And it was fitting. After all, the Bruins under Julien had never lost a playoff series in less than seven games. Each time they'd gotten beat in the postseason -- by Montreal in 2008, Carolina in 2009, Philadelphia in 2010, Washington on 2012 -- it took seven games for the nail to be driven into their coffin. (And two of those losses came in overtime.) It's a tribute to Julien's game plan and the strong leadership within the ranks that keeps the players focused.

This time, however, the Bruins simply tanked it in the final two minutes.

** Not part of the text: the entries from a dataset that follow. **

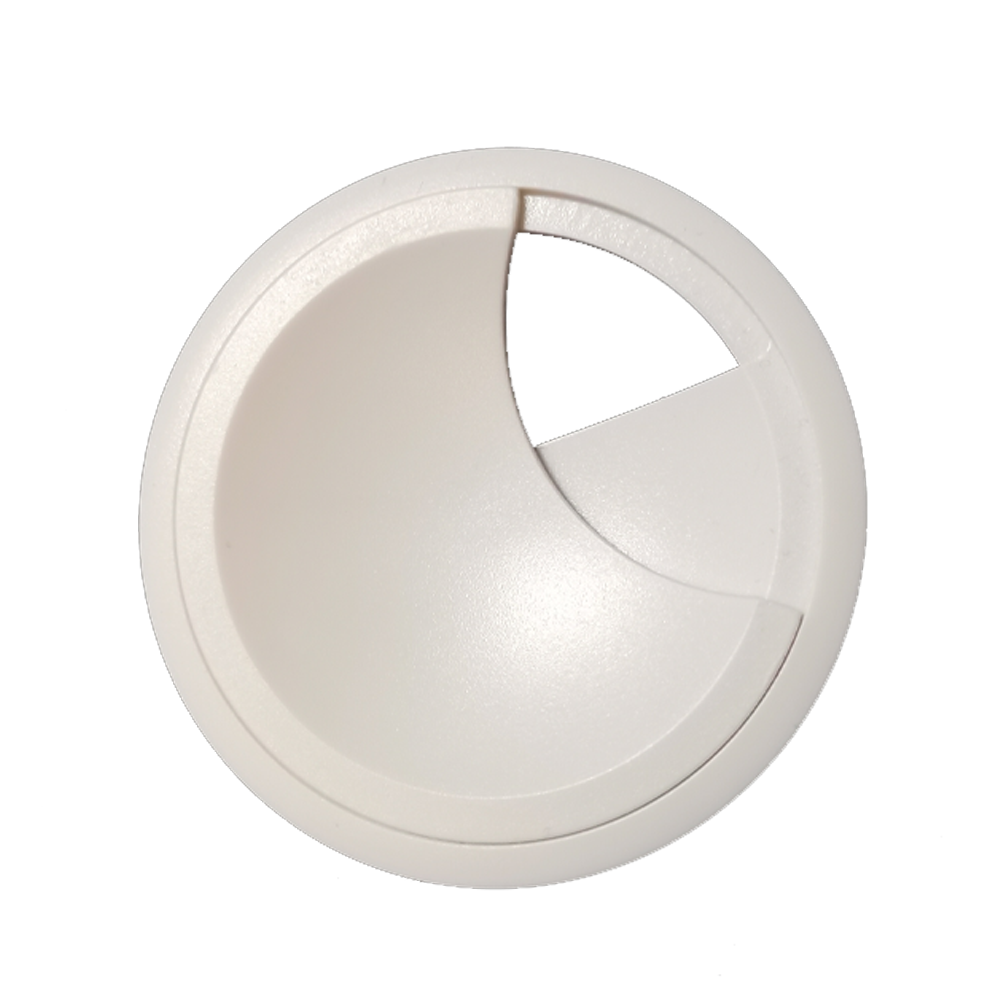 Akvastabil Fusion Fórluke Hvit til Fusion, Move, Element og Family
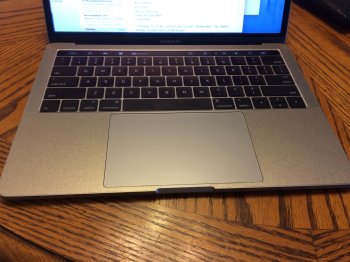 IMG_0517.jpeg IMG_0517.jpeg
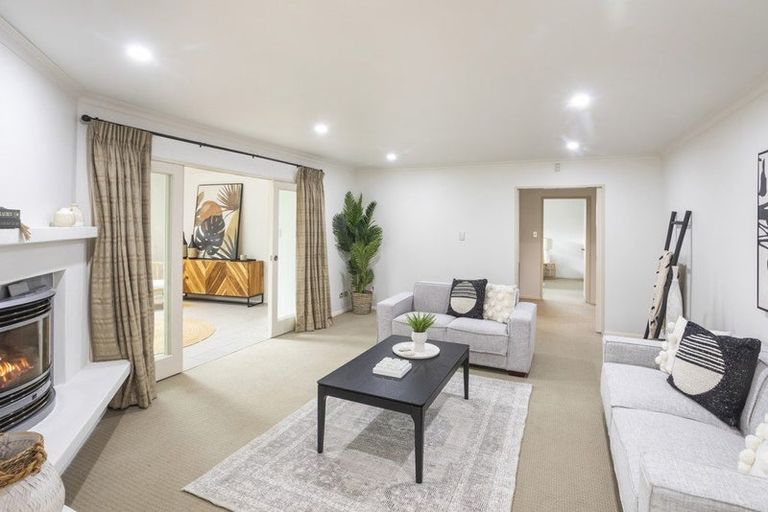 Photo of property in 31a Kotare Street, Fendalton, Christchurch, 8041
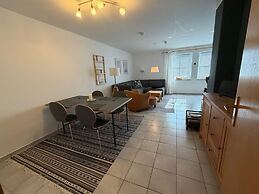 Holiday Complex Wenkendorf, Fehmarn-wenkendorf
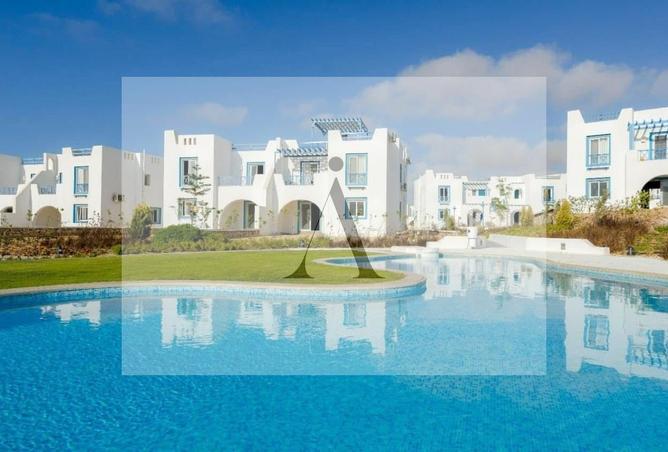 70361425 - Property Image 2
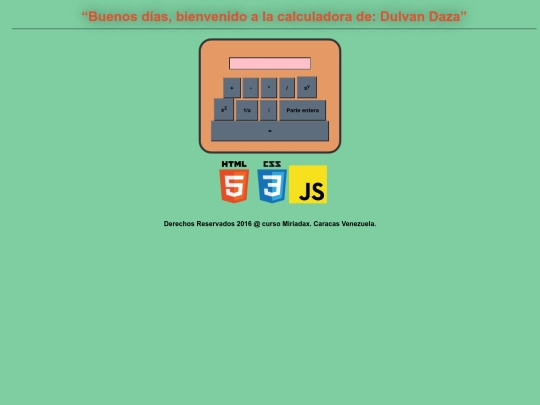 mod_4_P2P_obligatoria/calculadora screenshot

It was all Toews on the tying goal, as the Blackhawks captain attracted the defense to him and then found Bryan Bickell in front to pound home for the loose puck for the game-tying goal. Seventeen seconds later, Dave Bolland scored off a Johnny Oduya point shot that hit a fellow stick, the left post and then bounced right onto Bolland’s stick.

And that was that.

“It was just one thing right after another,” said a stunned Krejci, who was on the ice for Chicago’s game-winner at the end of the third period. “Before you knew it, it was in the net. Right after, the same thing. The second goal hurt so bad, and we just couldn’t recover. Then the third one happened. It all of a sudden felt like you had so much weight on your back. You couldn’t move, you couldn’t think, and just couldn’t get it done.”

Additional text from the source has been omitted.